Fig. 91.—Expérience du premier aérostat électrique de MM. Tissandier frères dans leur atelier d'Auteuil, le 8 octobre 1883. (D'après une photographie.)

Mon frère était spécialement occupé à régler le jeu de lest, dans le but de bien maintenir l'aérostat à une altitude constante et peu éloignée de la surface du sol. L'aérostat a très régulièrement plané à une hauteur de quatre ou cinq cents mètres au-dessus de la terre; il est resté constamment gonflé, et le gaz en excès s'échappait même par la dilatation, en ouvrant sous sa pression la soupape automatique inférieure, dont le fonctionnement a été très régulier.

Quelques minutes après le départ, j'ai fait fonctionner la batterie de piles au bichromate de potasse, composée de quatre auges à six compartiments, formant vingt-quatre éléments montés en tension. Un commutateur à mercure nous permet de faire fonctionner à volonté six, douze, dix-huit ou vingt-quatre éléments, et d'obtenir ainsi quatre vitesses différentes de l'hélice, variant de soixante à cent quatre vingts tours par minute. Avec 12 éléments en tension, nous avons constaté que la vitesse propre de l'aérostat dans l'air, était insuffisante, mais au-dessus du bois de Boulogne, quand nous avons fait fonctionner notre moteur à grande vitesse, à l'aide des 24 éléments, l'effet produit était tout différent. La translation de l'aérostat devenait subitement appréciable, et nous sentions un vent frais produit par notre déplacement horizontal. Quand l'aérostat faisait face au vent, alors que sa pointe de l'avant était dirigée vers le clocher de l'église d'Auteuil, voisine de notre point de départ, il tenait tête au courant aérien et restait immobile, ce que nous pouvions constater en prenant sur le sol des points de repère au-dessous de notre nacelle.

Après avoir procédé aux expériences que nous venons de décrire, nous avons arrêté le moteur, et l'aérostat a passé au-dessus du Mont-Valérien. Une fois qu'il eut bien pris l'allure du vent, nous avons recommencé à faire tourner l'hélice, en marchant cette fois dans le sens du courant aérien; la vitesse de translation de l'aérostat était accélérée; par l'action du gouvernail nous obtenions facilement alors des déviations à gauche et à droite de la ligne du vent. Nous avons constaté ce fait en prenant comme précédemment des points de repère sur le sol; plusieurs observateurs l'ont d'ailleurs vérifié, à la surface du sol.

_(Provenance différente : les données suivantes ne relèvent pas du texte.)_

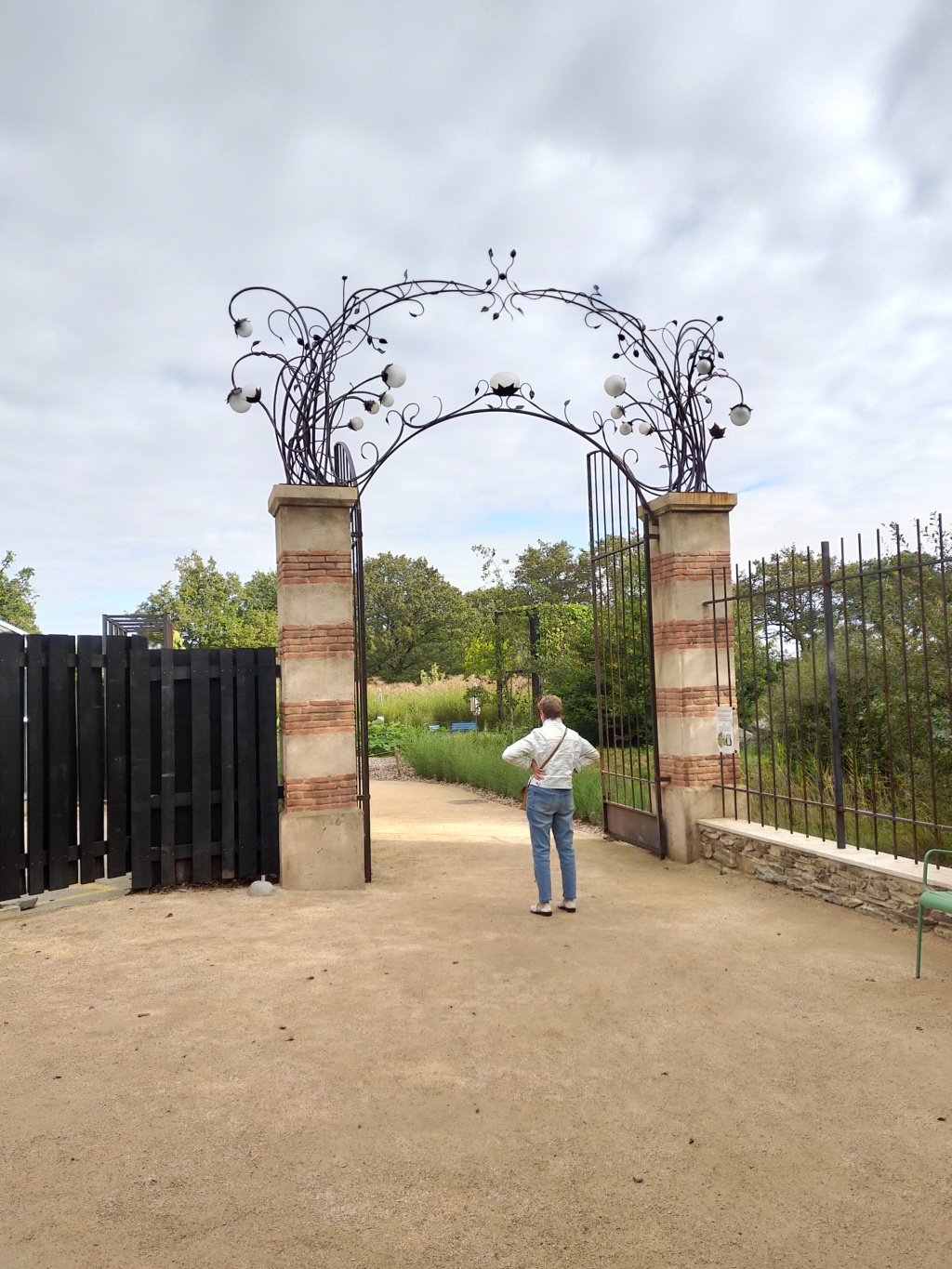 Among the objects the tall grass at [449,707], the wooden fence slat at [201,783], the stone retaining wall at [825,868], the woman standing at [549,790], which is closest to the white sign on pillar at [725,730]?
the stone retaining wall at [825,868]

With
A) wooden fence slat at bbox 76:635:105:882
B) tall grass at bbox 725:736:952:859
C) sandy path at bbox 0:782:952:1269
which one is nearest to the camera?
sandy path at bbox 0:782:952:1269

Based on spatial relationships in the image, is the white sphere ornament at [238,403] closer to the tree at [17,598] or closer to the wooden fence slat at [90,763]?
the wooden fence slat at [90,763]

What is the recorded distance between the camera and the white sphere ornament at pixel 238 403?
23.9 ft

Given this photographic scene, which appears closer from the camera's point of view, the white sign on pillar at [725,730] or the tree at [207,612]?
the white sign on pillar at [725,730]

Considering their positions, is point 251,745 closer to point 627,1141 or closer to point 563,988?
point 563,988

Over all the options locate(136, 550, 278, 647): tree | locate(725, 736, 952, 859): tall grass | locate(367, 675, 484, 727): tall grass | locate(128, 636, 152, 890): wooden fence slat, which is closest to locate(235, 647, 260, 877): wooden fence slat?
locate(128, 636, 152, 890): wooden fence slat

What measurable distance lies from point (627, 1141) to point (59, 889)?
5.27m

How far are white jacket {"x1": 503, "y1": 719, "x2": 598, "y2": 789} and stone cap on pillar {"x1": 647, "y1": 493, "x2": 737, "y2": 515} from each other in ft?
9.47

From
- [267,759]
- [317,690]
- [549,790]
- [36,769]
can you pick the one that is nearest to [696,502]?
[549,790]

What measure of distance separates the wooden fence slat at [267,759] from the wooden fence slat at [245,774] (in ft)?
0.18

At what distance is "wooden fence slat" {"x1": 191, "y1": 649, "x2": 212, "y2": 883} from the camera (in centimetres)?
704

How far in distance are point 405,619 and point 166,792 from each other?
3743cm

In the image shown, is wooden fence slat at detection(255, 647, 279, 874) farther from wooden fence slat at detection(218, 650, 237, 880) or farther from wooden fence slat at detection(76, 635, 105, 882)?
wooden fence slat at detection(76, 635, 105, 882)

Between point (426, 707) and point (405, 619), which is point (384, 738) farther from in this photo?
point (405, 619) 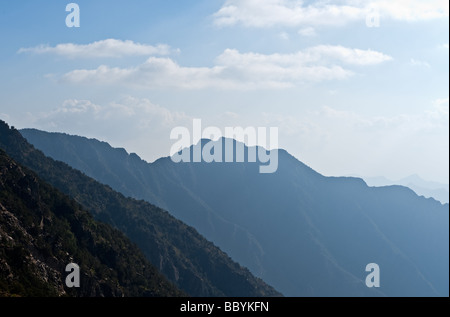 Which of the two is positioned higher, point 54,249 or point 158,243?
point 54,249

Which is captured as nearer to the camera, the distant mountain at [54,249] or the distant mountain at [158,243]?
the distant mountain at [54,249]

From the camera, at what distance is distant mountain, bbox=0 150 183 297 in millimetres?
74125

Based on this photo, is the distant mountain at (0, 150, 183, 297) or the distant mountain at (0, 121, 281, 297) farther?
the distant mountain at (0, 121, 281, 297)

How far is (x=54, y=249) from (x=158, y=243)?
88.0 meters

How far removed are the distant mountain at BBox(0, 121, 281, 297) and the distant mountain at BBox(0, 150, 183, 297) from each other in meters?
39.7

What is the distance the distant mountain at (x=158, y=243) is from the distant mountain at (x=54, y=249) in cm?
3974

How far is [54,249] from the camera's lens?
9100 centimetres

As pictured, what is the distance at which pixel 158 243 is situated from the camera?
178 meters

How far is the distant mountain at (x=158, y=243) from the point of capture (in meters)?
169

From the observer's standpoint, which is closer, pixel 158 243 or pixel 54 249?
pixel 54 249

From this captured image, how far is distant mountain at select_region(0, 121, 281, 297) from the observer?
16888cm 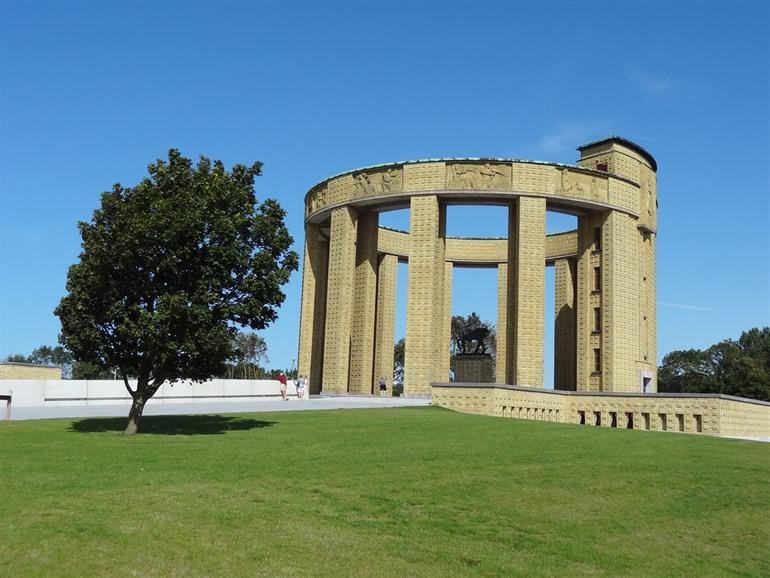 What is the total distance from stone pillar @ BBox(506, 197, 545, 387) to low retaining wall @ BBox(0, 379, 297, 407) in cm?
1224

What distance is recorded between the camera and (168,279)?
742 inches

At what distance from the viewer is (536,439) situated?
1809 centimetres

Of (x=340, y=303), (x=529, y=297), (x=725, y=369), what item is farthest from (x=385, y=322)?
(x=725, y=369)

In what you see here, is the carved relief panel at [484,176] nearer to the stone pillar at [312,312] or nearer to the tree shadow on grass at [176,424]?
the stone pillar at [312,312]

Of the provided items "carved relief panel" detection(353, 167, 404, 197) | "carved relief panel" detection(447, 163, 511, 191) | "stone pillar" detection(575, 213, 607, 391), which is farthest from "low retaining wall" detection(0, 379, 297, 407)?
"stone pillar" detection(575, 213, 607, 391)

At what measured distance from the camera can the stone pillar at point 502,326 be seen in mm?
44484

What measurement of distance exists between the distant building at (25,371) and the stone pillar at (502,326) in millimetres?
26002

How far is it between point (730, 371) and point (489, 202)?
179 feet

À 4 h. 35 m., nous avons opéré notre descente dans une grande plaine qui avoisine Croissy-sur-Seine; les manœuvres de l'atterrissage ont été exécutées par mon frère avec un plein succès. Nous avons laissé l'aérostat électrique gonflé toute la nuit, et le lendemain, il n'avait pas perdu la moindre quantité de gaz; il était aussi bien gonflé que la veille. Peintres, photographes ont pu prendre l'aspect de notre navire aérien, au milieu d'une foule nombreuse et sympathique, que la nouveauté du spectacle avait attirée de toutes parts.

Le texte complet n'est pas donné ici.